In any of the disclosed embodiments, a light source may be scanned using a DLP type scanner or any other suitable orienting mechanism. In any of the embodiments, target objects may be scanned by providing relative movement of the object and/or light source. In any of the embodiments, the cylindrical and flat optical surfaces may be replaced with non-flat and non-cylindrical surfaces and three-dimensional curves that can produce images. In any of the embodiments, surface geometry may be acquired by laser scanning rather than multiple-vantage surface imaging or by any other means. In any of the disclosed embodiments, a refracting device such as a prism may be used to achieve reflection rather than a mirror. In any of the embodiments, the minors may be include multiple facets rather than a curved surface so as to permit the surrounding, full or partial, of the target object.
In any of the disclosed embodiments, instead of a point illumination and camera imaging being used for tomographic reconstruction, the imaging devices disclosed may also be used for surface acquisition, either using multiple images to create a surface model or by laser scanning, or by any other means.
According to embodiments, the disclosed subject matter includes an imaging system. The system has a target object support that is configured to hold an object. The object itself is not part of the imaging system. The system has a first optical component positioned and configured to receive light from a target positioned on said support and to redirect the received light to a second optical component by aiming the received light in a different direction. The optical component does this by reflection or refraction to direct the light through an air path rather than a light pipe or by conversion to an electronic signal. Effectively this redirecting can allows multiple sides of the object to be imaged by, for example, reflecting light from opposite vantages toward the imaging device (e.g., camera) thereby creating a multiple component redundant or partially redundant view of the object by the camera. The optical component can use multiple reflectors in series in order to allow higher angles of incidence and lower loss of fidelity due to cosine compression of the reflection.

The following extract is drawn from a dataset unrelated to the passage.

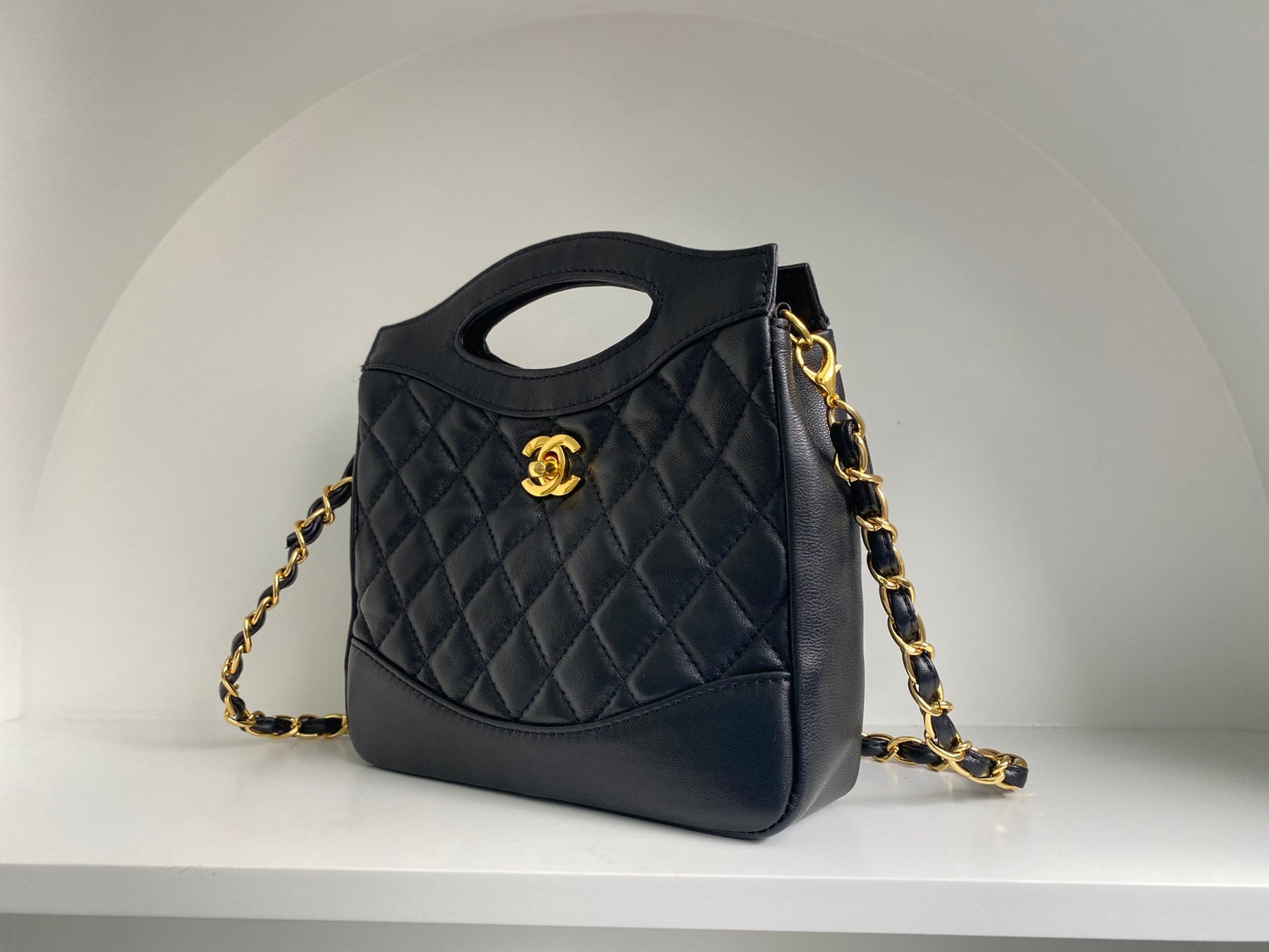 cc 22 hobo 35cm black quilted calfskin gold hardware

The system can also have a source of illumination configured to direct a light beam from various angles toward said target object support such that an object placed on said object support may be illuminated from multiple sides. The illumination source may be used for surface scanning such as a laser spot or line scan used to create a three-dimensional model of an object as used in high speed inspection systems. The illumination source or a different one may be used to create periodic and variously-located surface sources on the object or deeply seated sources within the object for use in optical tomography. The system may also be used without an illumination source for example if used for tomographically determining a light source (bioluminescent source) distribution within the object.
Ultimately one of the features of the embodiments described above is the fact that the optical component directs the light in a way that avoids reflection of light back onto the object. For example, when a surface source is generated by a light source, for example a laser spot aimed onto the object surface, a good deal of light is reflected from the surface. If any parts of an optical component has a reflector and any part of the reflector can reflect the rays of light from the diffuse reflection from the spot, this will produce more illumination onto the object. This may degrade the optical tomographic signal used for imaging the internal characteristics of the object being interrogated. Even light that is transmitted out of the object can “retro-reflect” from the optical component, such a surface as in bioluminescence tomography. Thus, a first optical element of the optical component may be positioned relative to the target object support such that specular reflection or refraction of light from an object on the target object support, may be directed away from a target object on said target object support, whereby secondary illumination of a target by photons emitted from the surface thereof may be prevented. A second element may facilitate the directing of the reflection into the field of view of the imaging camera.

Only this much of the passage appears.